Travailler dans le domaine légal du cannabis au Canada — c’est ce qui s’en vient — ajouterait donc un boulet dans les bagages lors des voyages à l’étranger, particulièrement aux États-Unis, où les réponses données aux questions des douaniers peuvent désormais changer radicalement les plans d’un voyage d’affaires ou d’agrément. « Admettre que vous travaillez dans ce milieu, que vous allez rencontrer des gens qui travaillent dans ce milieu pourrait faire en sorte que l’on vous refuse l’accès aux États-Unis, poursuit M. Brunet. Reconnaître que vous avez déjà consommé du cannabis peut entraîner le même résultat. Même chose si vous mentez sur votre profession, sur les raisons de votre voyage ou sur votre consommation ». Un scénario qui confirme l’expression anglaise « condamné si tu le fais, condamné si tu ne le fais pas » et qui pourrait venir compliquer le recrutement de personnel dans un marché où déjà la pénurie de main-d’oeuvre est problématique.

Une évolution scrutée

La société québécoise du cannabis se dit bien informée sur le sujet et reconnaît « suivre la situation de près ». La SQDC, qui compte pour le moment dix employés, dit également échanger régulièrement « avec le gouvernement fédéral, à qui incombe la responsabilité de régulariser la situation avec le gouvernement américain ».
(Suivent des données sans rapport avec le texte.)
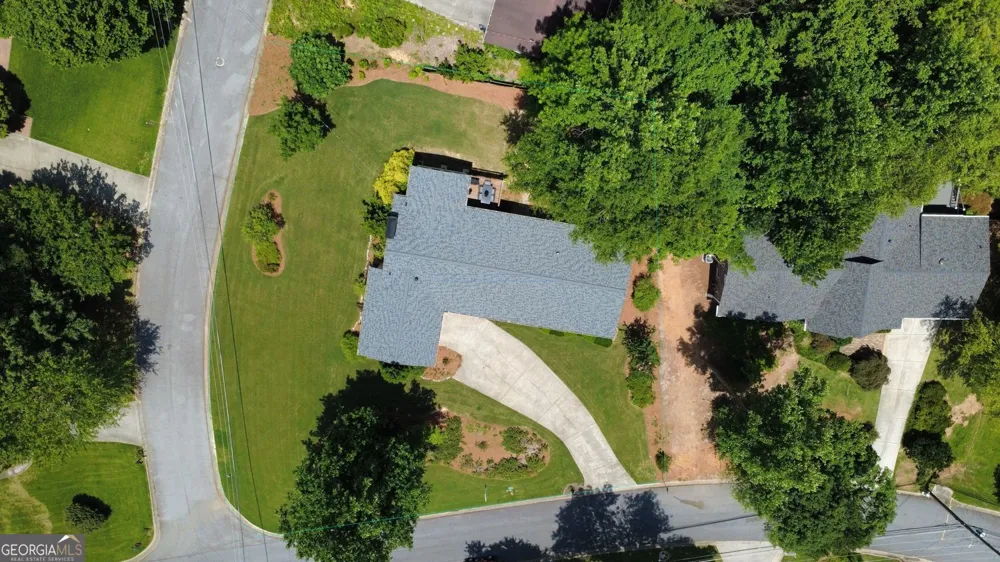 2730 Fontainebleau DR Dunwoody, GA 30360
Joint par Le Devoir, le cabinet du ministre de la Sécurité publique et de la Protection civile, Ralph Goodale s’est voulu rassurant en rappelant que, même si « un Canadien sur huit consomme du cannabis à l’heure actuelle, 400 000 personnes circulent entre nos deux pays chaque jour, et ce, presque toujours sans incident, a indiqué son porte-parole, Scott Bardsley. Le ministre Goodale et ses fonctionnaires ont discuté des changements apportés à notre législation en matière de cannabis dans pratiquement toutes les conversations qu’ils ont eues avec leurs homologues américains, y compris la secrétaire de la Sécurité intérieure actuelle et sa prédecesseure ».

Ottawa estime toutefois qu’il est peu probable que les douaniers américains changent les questions posées à la première inspection, afin d’attraper les nouveaux travailleurs du cannabis, les consommateurs ou les investisseurs dans le domaine de la marijuana, indique le cabinet du ministre. « Toutefois, si un voyageur leur donnait de bonnes raisons de douter, [les agents frontaliers] pourraient poser d’autres questions », ajoute-t-il.
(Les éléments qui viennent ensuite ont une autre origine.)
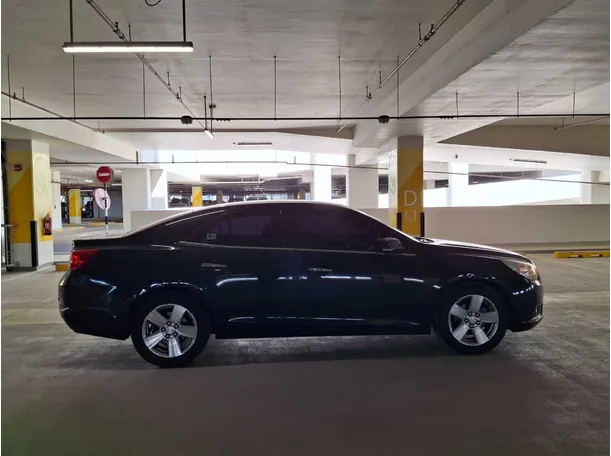 Car image 8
Aux États-Unis, le cannabis est criminellement placé sur le même pied d’égalité que l’héroïne et la cocaïne. L’actuel procureur général des États-Unis, Jeff Sessions, se pose d’ailleurs depuis toujours en fervent pourfendeur de la marijuana et en opposant audible à la légalisation de cette substance que « les bonnes personnes ne fument pas », a-t-il dit en 2016 devant un comité du Sénat. « Nous avons besoin d’adultes en poste à Washington pour dire que la marijuana ne doit pas être légalisée, ne doit pas être minimisée et représente en fait un réel danger », a-t-il ajouté.